The clearest public window into the model is probably not the Platinum Card itself. It is Amex Offers.

Amex’s merchant-facing materials describe Offers as a targeted, measurable marketing platform. The merchant receives reporting on redemption behavior, average transaction size, customer characteristics, and campaign ROI.

This is not traditional couponing. It is card-linked performance marketing. Amex even publishes case studies showing strong ROI metrics along with new customer acquisition and spending lift.

Embedded Platinum benefits are not identical products, but the underlying commercial logic appears related.

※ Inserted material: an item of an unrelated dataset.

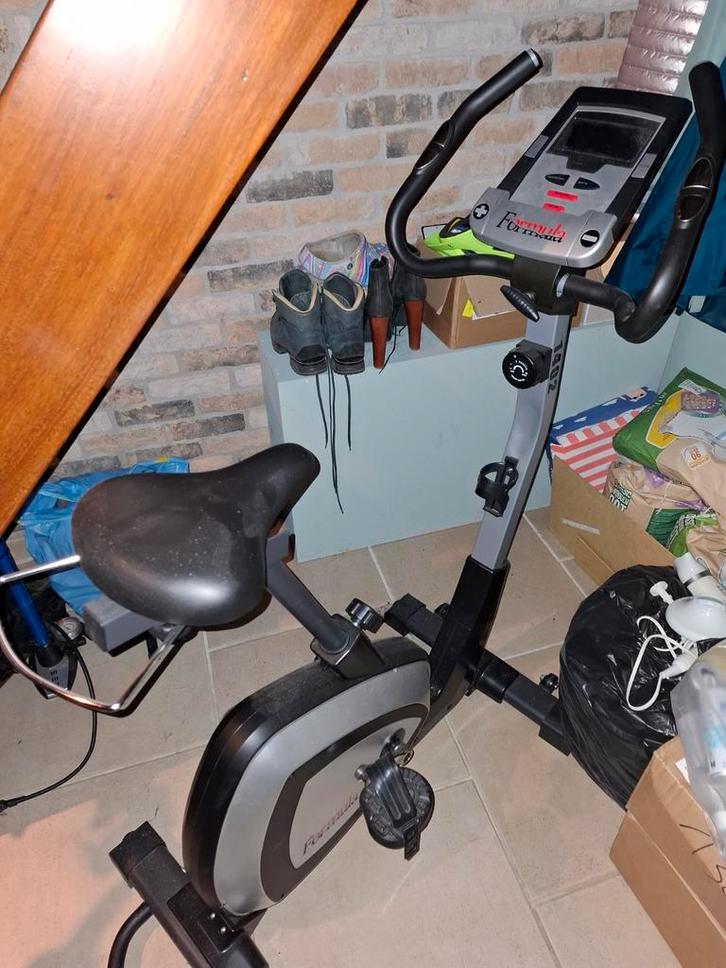 Hometrainer merk Formula, zwart met aluminium., Sport en Fitness, Fitnessapparatuur, Hometrainer, Ophalen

Amex controls access to a large base of affluent, high-spending customers. Merchants want access to that base. Amex can steer spending behavior. Amex can measure results. That measurement matters because Amex operates a much more closed-loop model than traditional network structures.

The analogy to Amex Offers may be even more pointed given that the Saks credit is expected to be replaced by “new and exclusive Amex Offers for Platinum Card Members at top retailers and brands” from July 1, 2026, according to NerdWallet. At the time of writing, however, American Express has not released further details.

Why the Saks Credit Likely Made Economic Sense

Merchants may see a Platinum credit less as a discount and more as customer acquisition.

Take the old Saks credit as a simple framework example.

The consumer framing is familiar: Platinum cardholder receives a $50 Saks benefit.

But from the merchant side, the relevant question is not “Did we give away $50?” It is “What customer behavior did the campaign create?”

Very few people spend exactly $50. They spend $82. Or $117. Or $164. The credit changes the purchase decision.

A customer who was not planning to visit Saks suddenly opens the app because part of the purchase is effectively prepaid.

Illustrative Model

Assumption

Base Case

Eligible accounts

1,000,000

Utilization

50%

Redeemers

500,000

Average purchase

$110

Gross merchandise margin

55%

Gross profit per order

~$61

This is not a Saks forecast. It is a constructed thought experiment:

The model changes if the merchant is not thinking simply of subsidizing a purchase but is instead acquiring a customer. A retailer that helps fund a one-time purchase may lose money on that transaction. A retailer that acquires a customer who returns several times over the following years may not.

Merchant economics improve further if the campaign generates repeat purchases, app adoption, email capture, new-to-brand customers, or durable customer lifetime value.

At that point, the benefit begins to resemble a customer-acquisition program aimed at affluent consumers rather than a simple retail discount.

That distinction matters because Platinum cardholders are not generic retail traffic. Amex repeatedly emphasizes how unusually valuable this segment is: its Consumer and Business Platinum franchises represented roughly $530 billion of annual spend globally, with cardholders spending approximately three times more annually than average card spend on other networks.

Looking back, it may have helped at the margins, even if it wasn’t enough to change Saks’ broader trajectory.

The Lululemon Credit Shows Why Structure Matters

Quarterly credits create repeated opportunities to bring customers back into a merchant’s stores, app, or website.

The Lululemon benefit arguably illustrates the model even more clearly. Unlike Saks, Lululemon is a premium lifestyle company with strong demographic overlap with the Platinum customer base.

For Amex, Lululemon reinforces the card’s lifestyle positioning. For Lululemon, the benefit creates repeated shopping prompts aimed at affluent consumers.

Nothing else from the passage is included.